New Hampshire Governor Maggie Hassan has officially signed legislation into law making her state one of 19 throughout the nation to allow the use of marijuana for medicinal dedications.
Lawmakers in both legislative houses overwhelmingly approved the proposed legislation back in June; it was just a matter of waiting for Governor Hassan, who said she would sign the bill, to exercise her pen-wielding hand to finalize the bill’s treacherous journey through the gauntlet of legislative scrutiny.
“Allowing doctors to provide relief to patients through the use of appropriately regulated and dispensed medical marijuana is the compassionate and right policy for the state of New Hampshire, and this legislation ensures that we approach this policy in the right way with measures to prevent abuse,” Hassan reportedly declared in a statement.
The bill states that those patients that are suffering with a “chronic or terminal disease” or “debilitating medical conditions” may register for the program.

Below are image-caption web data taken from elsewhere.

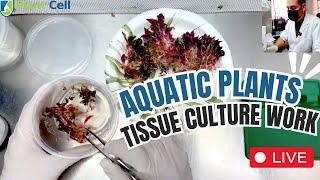 LIVE Aquatic Plants Tissue Culture with Francisco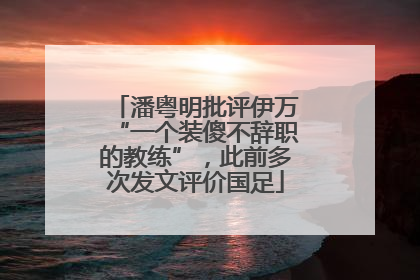 潘粤明批评伊万“一个装傻不辞职的教练”，此前多次发文评价国足
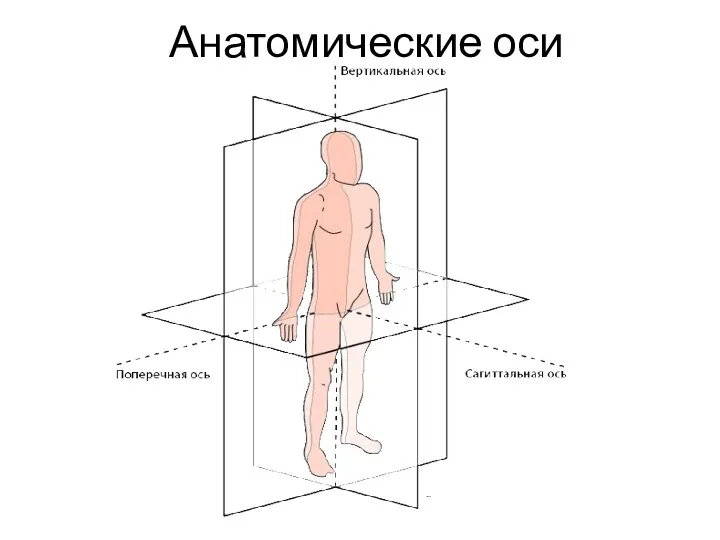 Анатомические оси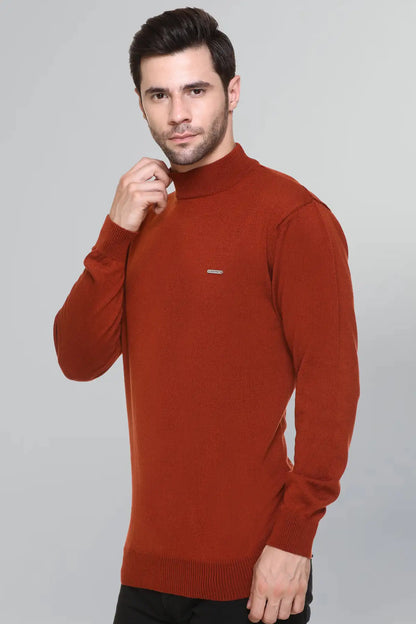 Rust Solid Turtle Neck Woollen Pullover
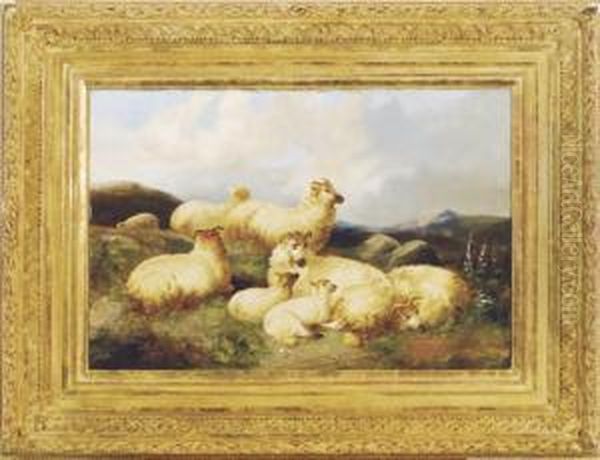Sheep In A Moorland Landscape - view 1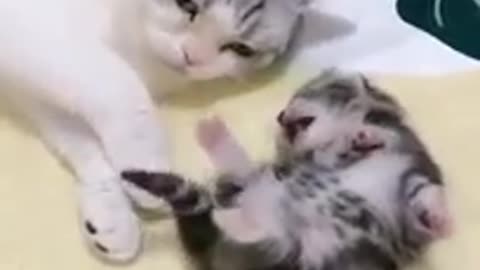 cat hugs kitten having a nightmare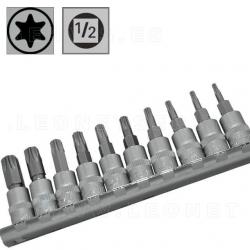 Juego de 10 puntas cortas Torx en vaso de 1/4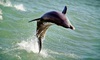 Dolphin Racer Speedboat Adventure Coupons St. Petersburg, Florida Deals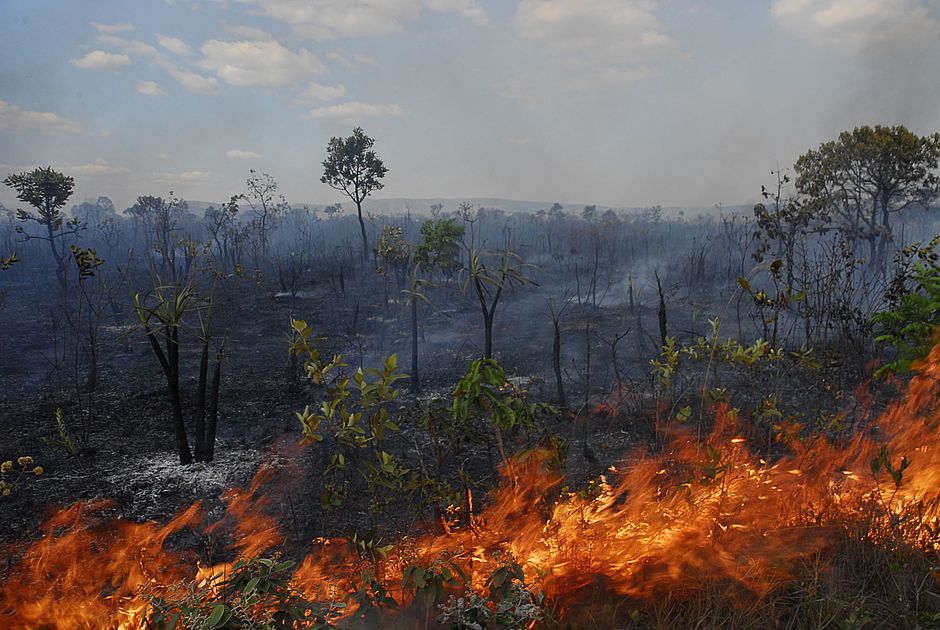 Incêndio na Chapada dos Veadeiros já dura cinco dias e destrói 10 mil hectares
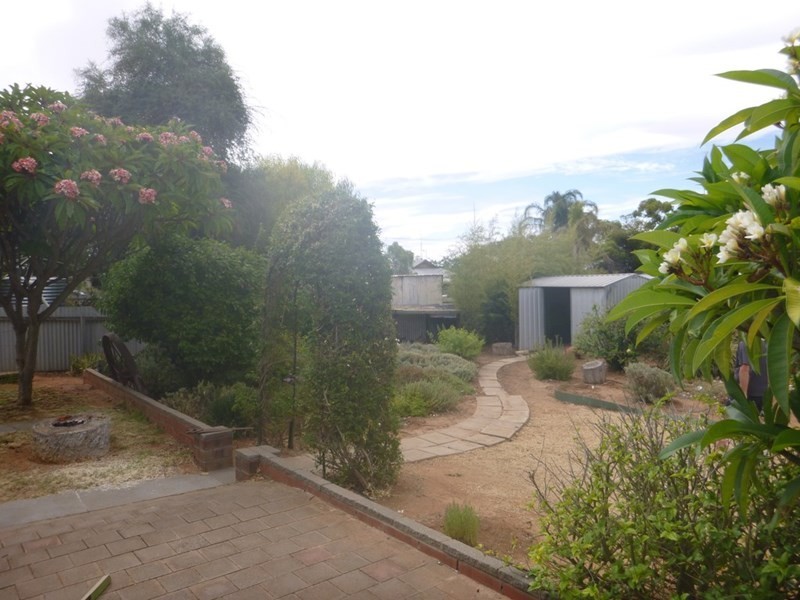 15 Pascoe Terrace, Barmera SA 5345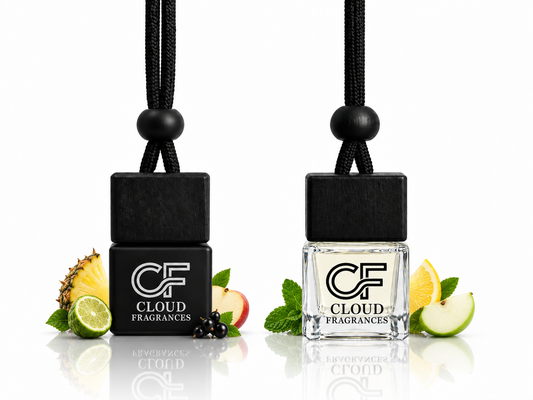 Car Hanging Air Diffuser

Once qualified, registered patients would then be permitted to possess up to two ounces of marijuana, which they would have to obtain from a nonprofit marijuana dispensary.
Initially the bill allowed for patients to cultivate the plant in the privacy of their own homes, but political pressure mounted on Governor Hassan to have the measure rewritten to exclude home cultivation.
The law will allow for the licensing of up to four marijuana dispensaries in the state, each of which will be permitted to cultivate a maximum of eighty marijuana plants and possess eighty ounces of marijuana, which calculates out to be approximately six ounces per registered patient.